This is a shout-out to the “break-up” hair! I bet you’re sitting there thinking to yourself, what is this mysterious break-up hair she is speaking of…? We’ll as every young relationship ignites and burns, it also simmers and is doused by the unforgiving true-self of your former lover.
For centuries women have been subject to the metaphorical shank-in-the-chest feeling of an unreciprocated love; the moment their significant other renders them unworthy of their love and informs them so in two syllables (Either via text message or for the more developed human soul: at the local coffee shop) “You’re Dropped”.

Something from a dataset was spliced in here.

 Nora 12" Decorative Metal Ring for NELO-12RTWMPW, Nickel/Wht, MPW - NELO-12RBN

And so, these undignified individuals on the receiving end of this ego-bashing decide it is time for a change. Clearly your lover lost interest over superficial reasons such as…my hair! That is it. If I vainly bleach, shave, chop, feather and style my hair into perfection my ex-lover will come to the realization that I am a Goddess and in turn swoop me back into his arms.
The answer was right in front of my eyes, staring back at me in my reflection. It was obviously those few stray split ends that instigated his detest for me! After all, men are physical creatures and despite their oblivion to my previous hair-cuts and outfit transformations he will regard my Post-break-up hair with a sparkle of wonder and awe.

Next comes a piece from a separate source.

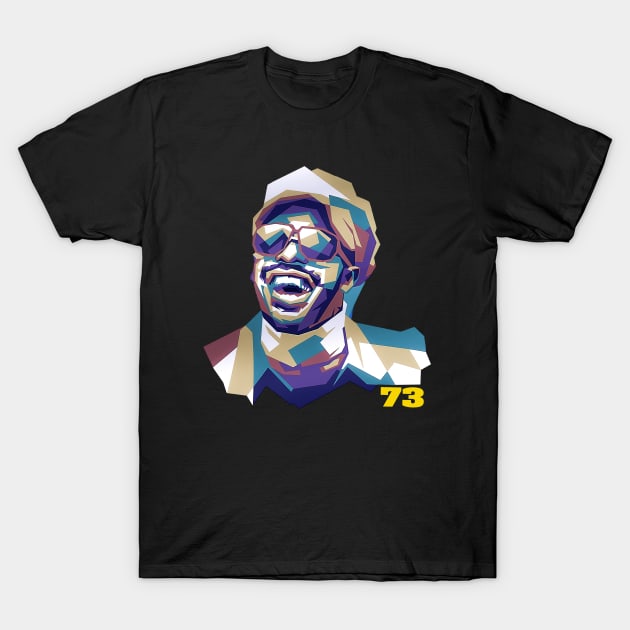 stevie wonder T-Shirt by toko om adon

With my new hairstyle my ex-lover will observe that I am independent and have moved on from our petty ‘relationship’, his envy of my indifference to the fact that I have just had my heart ripped from my chest and stomped on repeatedly will drive him crazy and henceforth, he will have no choice but to chase me once again!
And so, it is time for your reality check…
No amount of peroxide can bleach the dignity back into your hair, just as much as you cannot cut ‘the-ex’ out of your hair in the form of a trendy pixie cut. The reason he broke up with you was not because of his newfound dissatisfaction with your split ends or ‘dull-and-lifeless’ colour.
So please, do everyone a favour, we can see beneath the facade, put down the bottle of Live 28 washes and move on with your life. If you want to change perhaps you can join a 12-step program on how to deal with your resulting daddy issues of neediness and dependence and find yourself another boyfriend to verify your own self-worth.